Sustainable urban design expert Patrick Condon thinks the vacancy rate change is due to a shift in the global housing market, and is not necessarily local only to Vancouver.

“The global housing market shifted away from condominiums towards rentals for various financial reasons. This new supply was aimed at the top of the market where supply was already adequate,” Condon said, via email. 

“Unfortunately the much-touted housing supply deficit, if you look at the research, was a deficit in affordable units. For those units there is still a very low vacancy rate as that cohort cannot afford to rent this new rental supply.”

Rental units for lower-income households do remain in tight supply, according to the CMHC, with a vacancy rate of about 1 to 2 per cent.

“This is particularly challenging for families seeking two or more bedrooms. Vacancies for units affordable to households earning below the 60th income percentile remained extremely limited,” states the report.

Rental affordability also puts pressure on families even after the children are grown, says local resident Russil Wvong, who bought a townhome near Main and King Edward with his wife in 2001. He says he’s worried his children — who are 22 and 23 — won’t have that same opportunity.

“What was doable back then is completely impossible. It's not just our kids, it’s their classmates. It's their entire peer group — where are they supposed to live?” he says. 

“What we need to do is allow more housing, and yet our institutions at the municipal level seem to be set up based on the assumption that housing is unwanted, and that if you want to build housing like you should really pay through the nose. So yeah, the whole institutional assumptions seem to be in need of a major overhaul.” 

Wvong, a software developer who writes about Vancouver’s rent issues on his Substack, points to cities like Edmonton and Calgary’s fast-tracking of housing construction projects as a positive example.

A study released in March by the Canadian Home Builders Association compared a range of factors,  like new housing development application timelines and fees charged by municipalities, with its affect on housing affordability in those areas. Out of 23 Canadian cities it ranked Edmonton as first place overall and Vancouver in 17th place. 

“We regulate new housing like it's a nuclear power plant, and we tax it like it's a gold mine,” says Wvong, referencing a 2021 housing report that emerged from an expert panel headed by former NDP MLA Joy McPhail. 

“We're moving in the right direction, but if we don't see some policy changes, I would say the costs, including the cost of delay, set a floor on how low prices and rents can go,” he says.

Higher vacancy rates were also reported in other B.C. municipalities, including in Victoria where the vacancy rate rose to 3.3 per cent — its highest since 1999, according to the CMHC.

Christine Boyle, Minister of Housing and Municipal Affairs, attributed these shifts to the work done by the provincial government to cut red tape and speed up approvals for affordable homes.

“We still have more good work to do to get to a point where housing is truly affordable for everyone.
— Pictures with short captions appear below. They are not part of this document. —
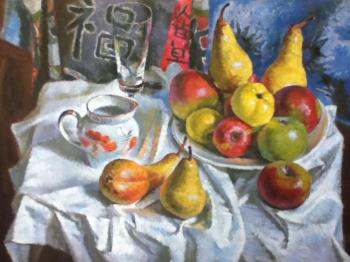 Still-life with fruit. Balaeva Tatiana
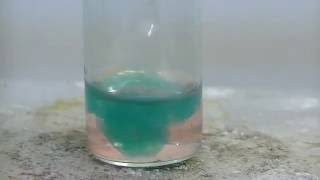 Cobalt Chemistry Cobalt and Ammonia part I [upl. by Cariotta]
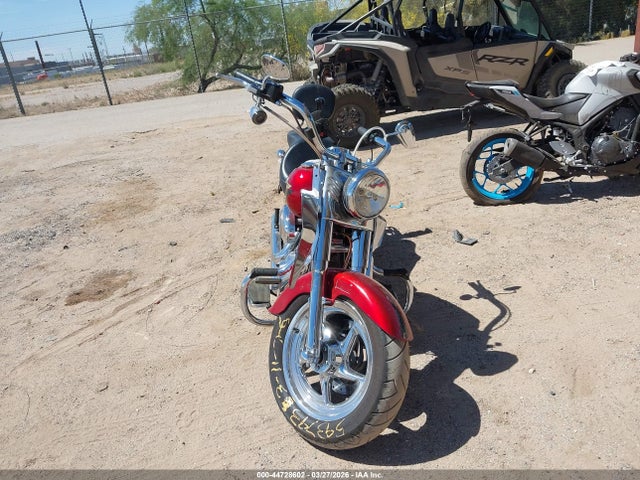 2008 HARLEY-DAVIDSON FLSTF 1HD1BX51X8Y034855 Photo 4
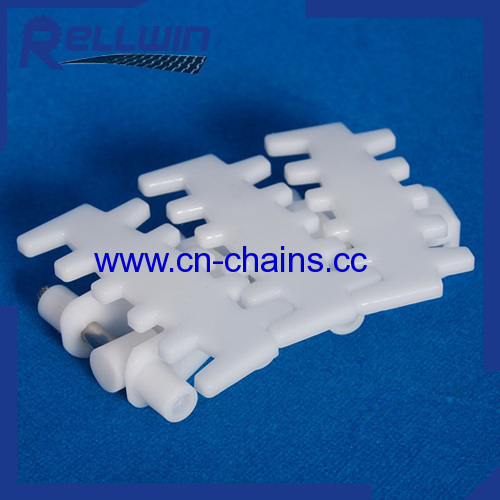 plastic flexi plain conveyor chains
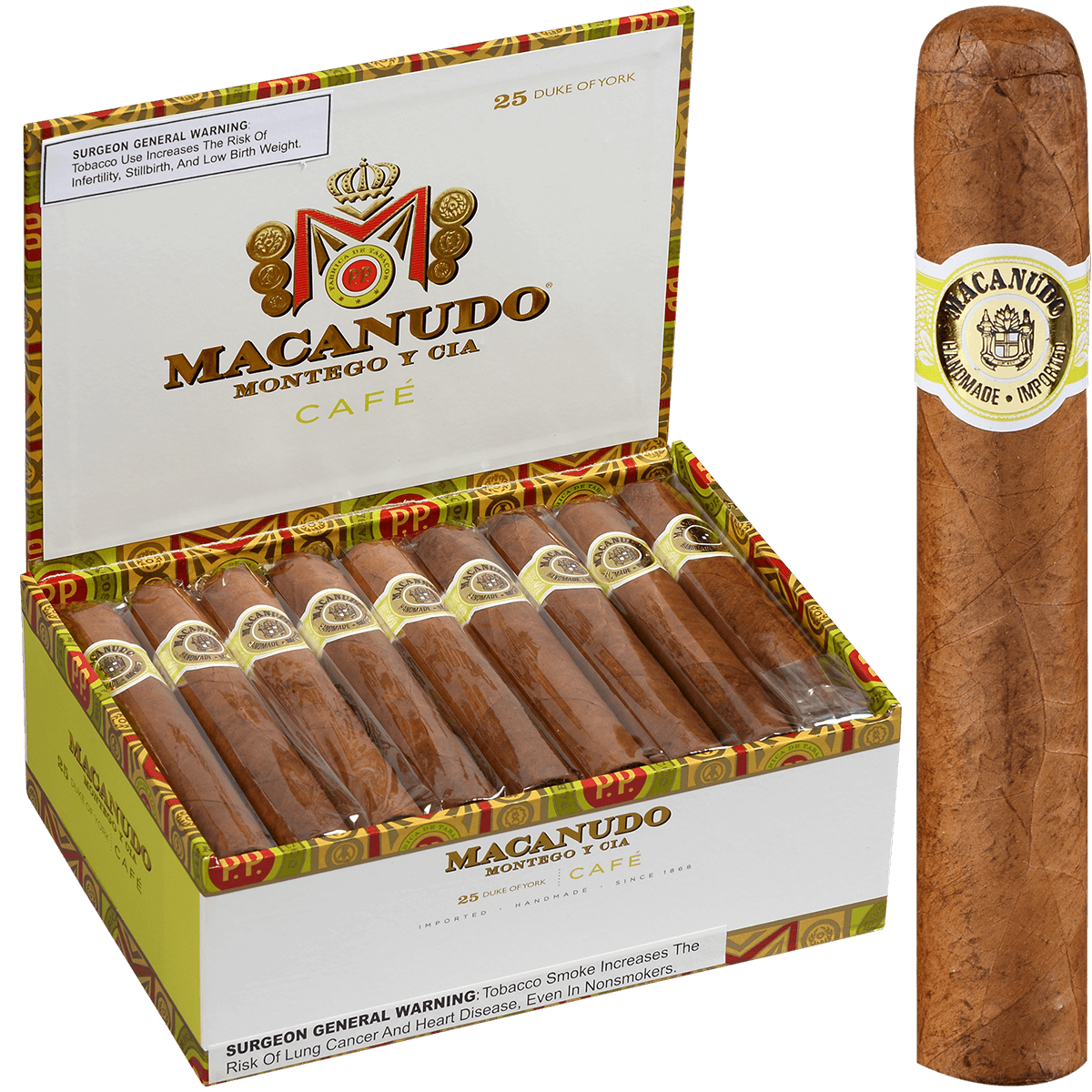 Macanudo Cafe Duke of York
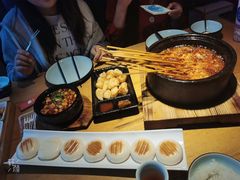 红糖锅盔-胡马八破·川菜小馆(高新万达店)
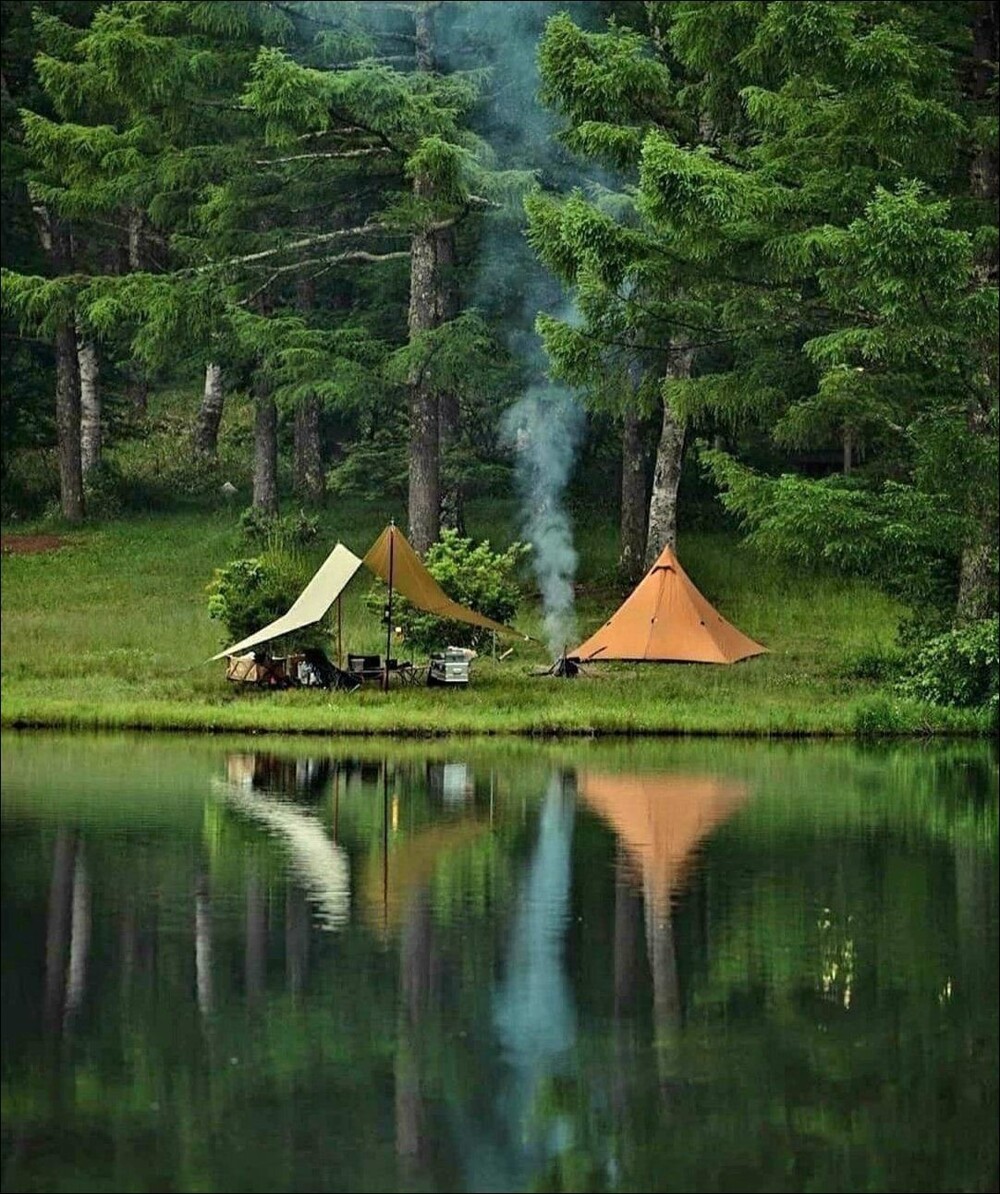 10.  Если отдых на природе, то такой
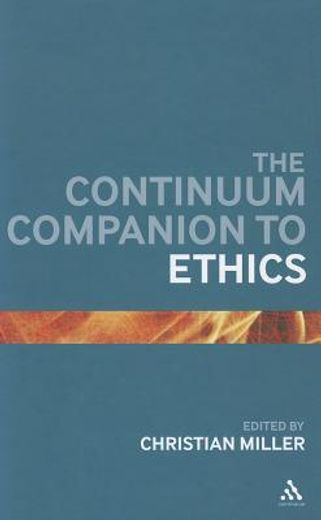 continuum companion to ethics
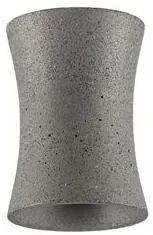 Spot aplicat design decorativ ciment, PELIA piatra neagra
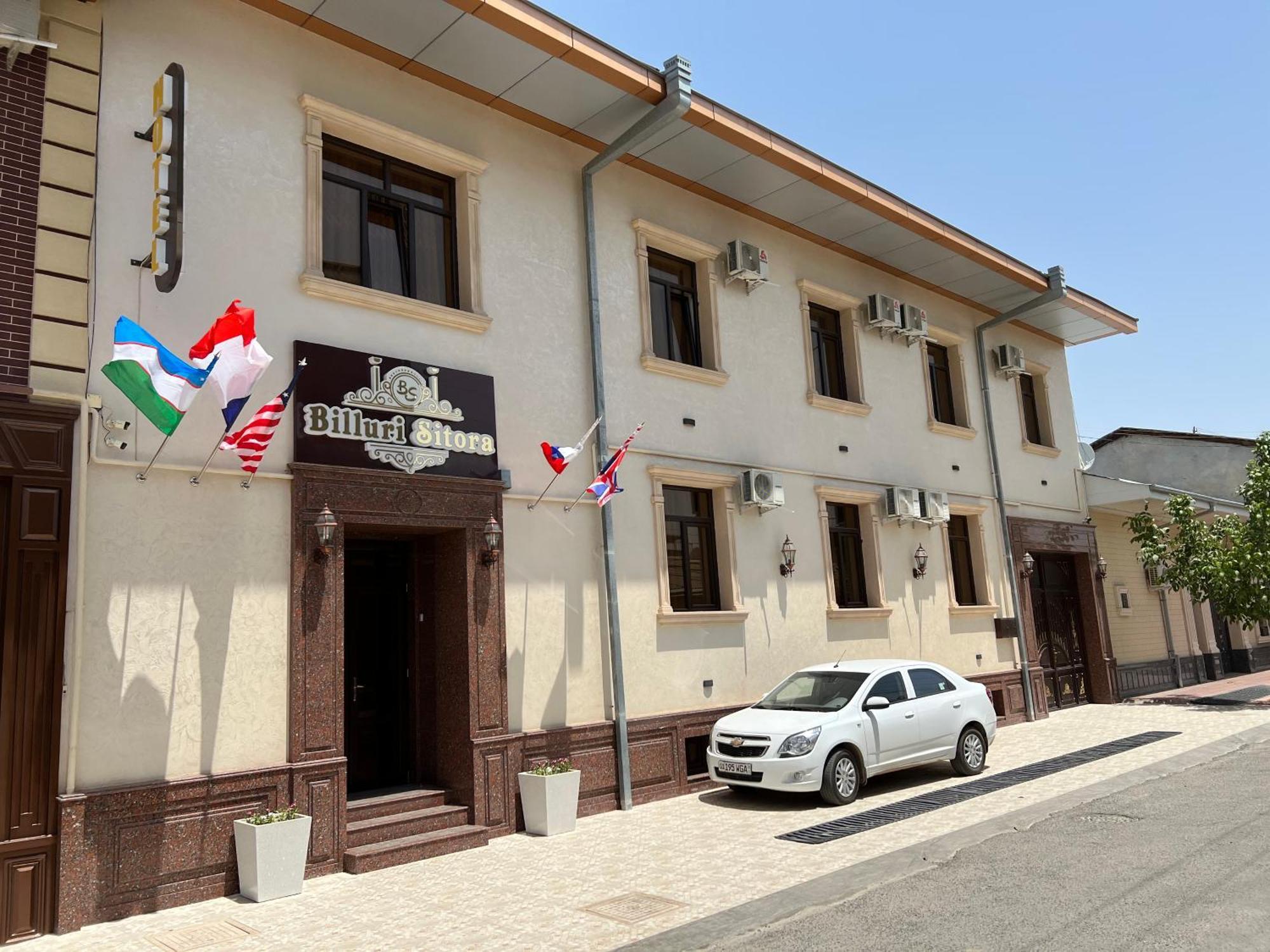 Hotel Billuri Sitora Samarkand Exteriör bild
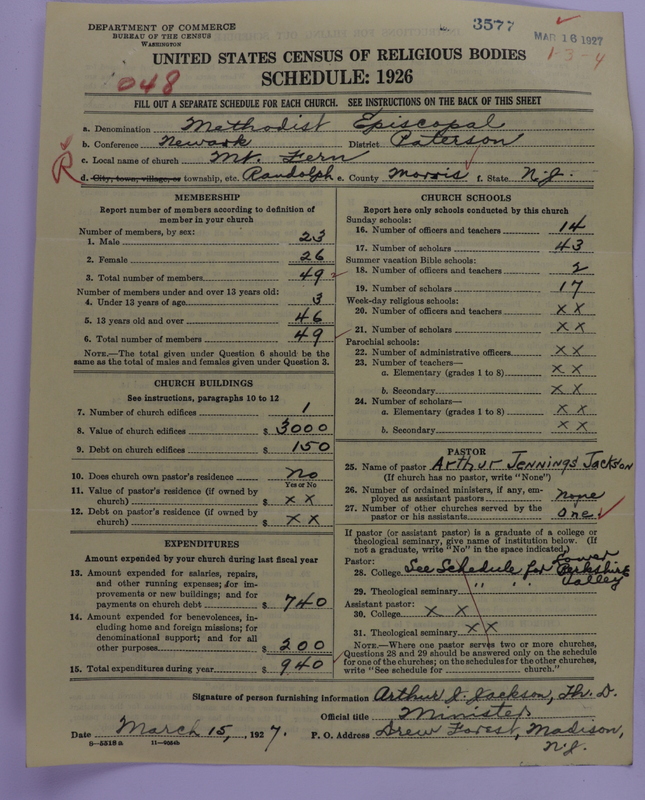 Scan of Methodist Episcopal Church: 3577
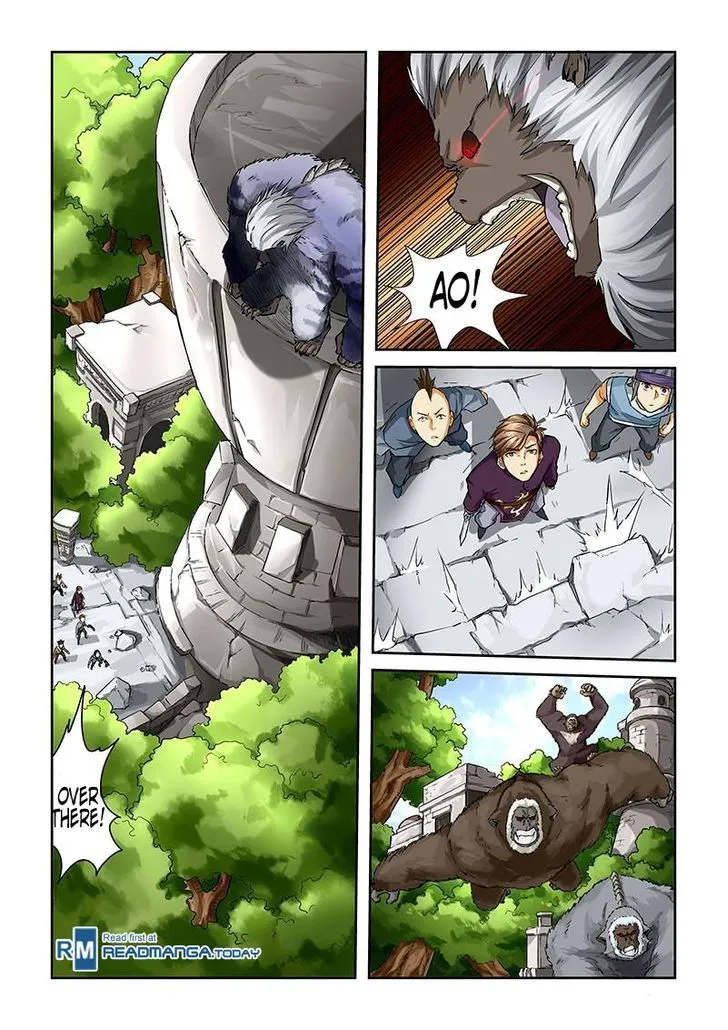 Tales Of Demons And Gods Chapter 54 page 8 - 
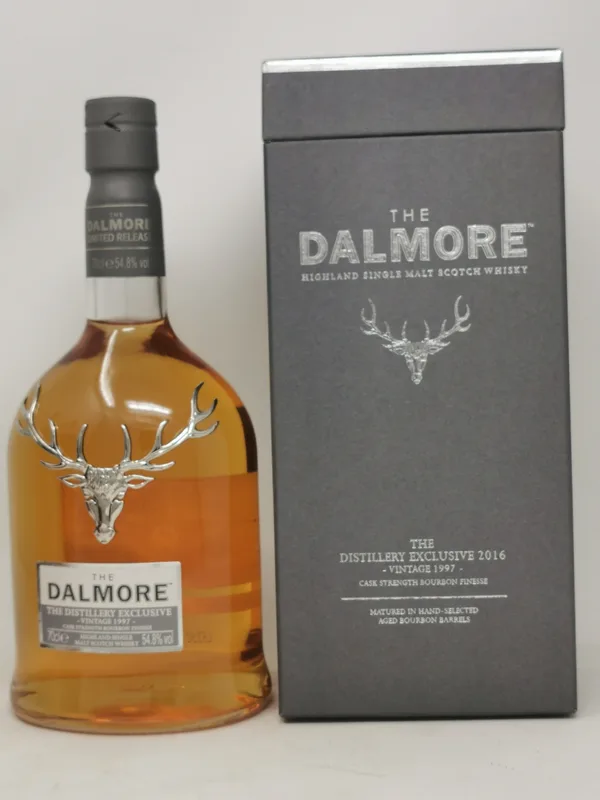 Dalmore – Distillery Exclusive 2016 Vintage 1997 Bourbon Finesse Finish Cask Strength
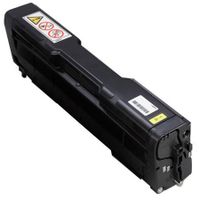 compatible yellow ricoh 406351 standard capacity toner cartridge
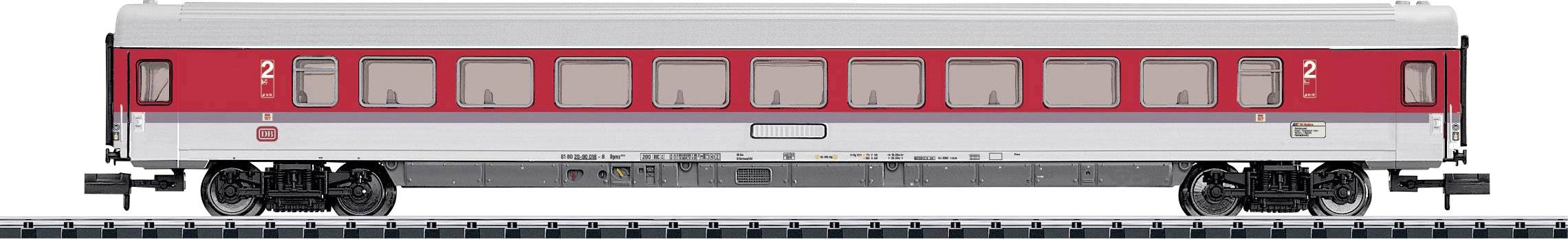 MiniTrix T15683 N Ergänzungswagen zum EC 41 Moliere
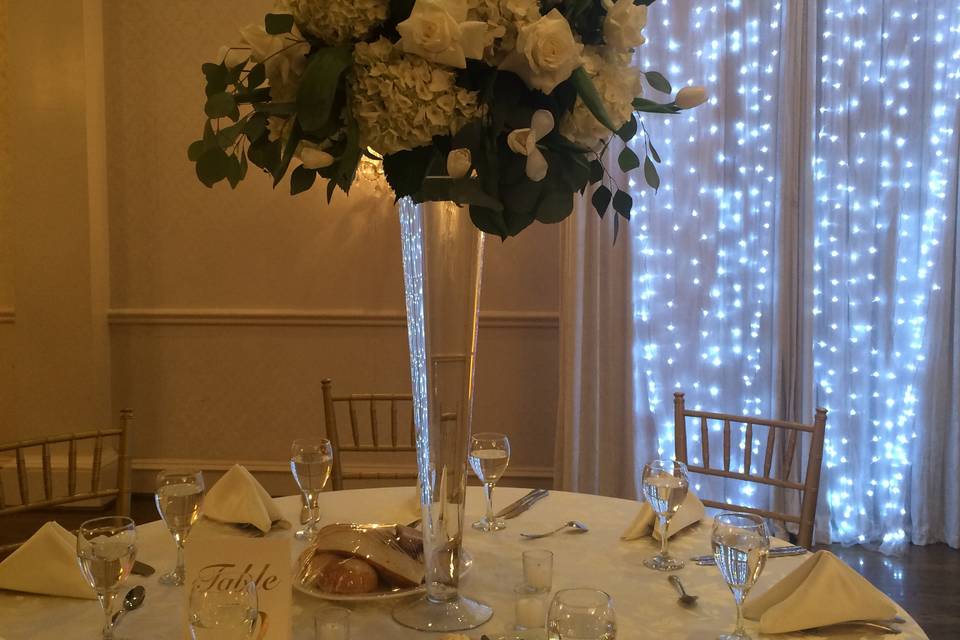 High table centerpiece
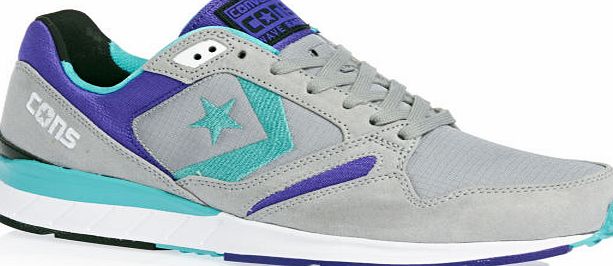 Converse Mens Converse Wave Racer Shoes - Grey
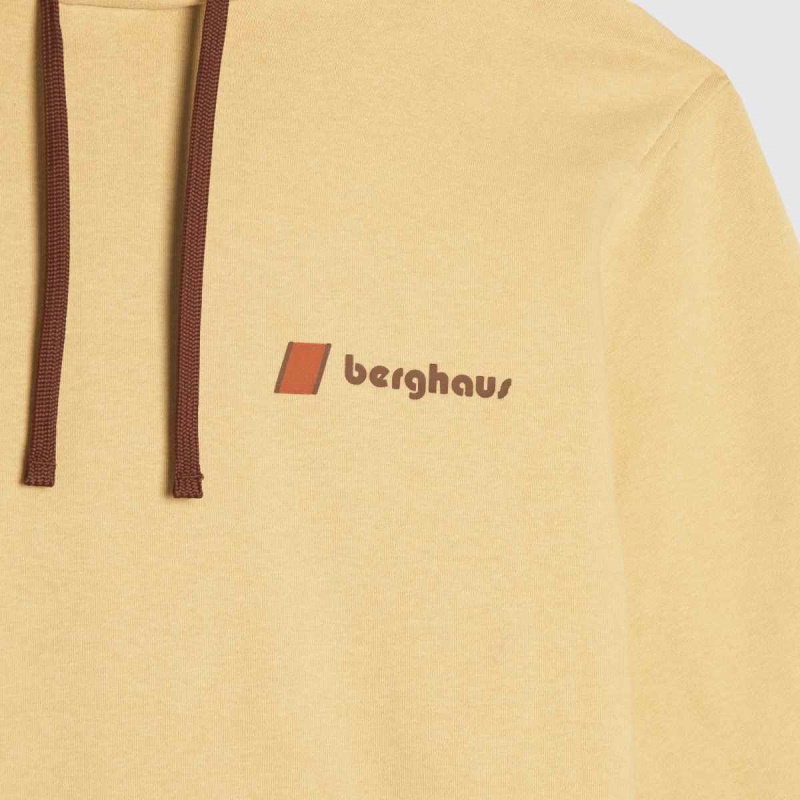 Caqui Dr. Martens Botas Berghaus Heritage Small Logo Sudadera Con Capucha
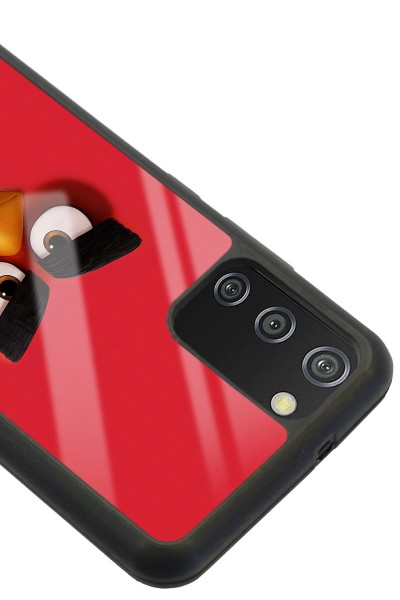 Samsung A-02s Red Angry Birds Tasarımlı Glossy Telefon Kılıfı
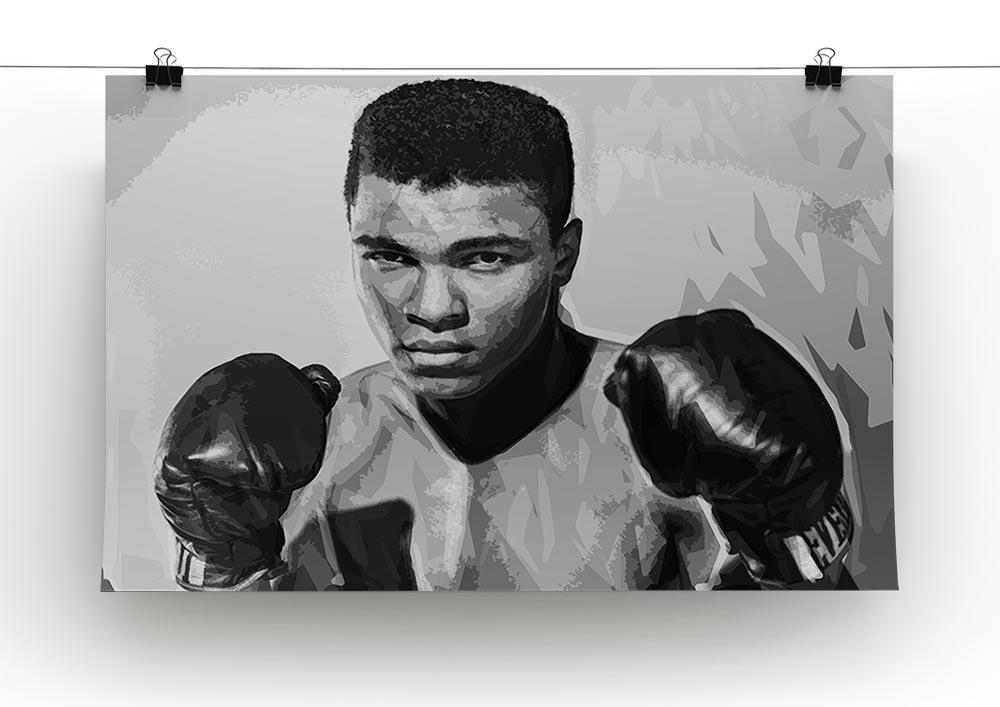 Muhammad Ali Canvas Print or Poster - Canvas Art Rocks - 2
Renters can’t afford to have the progress that we have achieved together undone. We can’t go backwards to the days of red tape and policies that fuelled speculation, blocked construction and drove housing costs beyond what everyday people could afford,” Boyle said in a statement on Dec. 17.

Across Canada, the average vacancy rate also rose from 2.2 per cent to 3.1 per cent and “rents stabilized in most major markets,” the CMHC report states. However, average rent growth persisted, with the average rent paid nationally by all tenants for two-bedroom units rising by 5.1 per cent over the past year.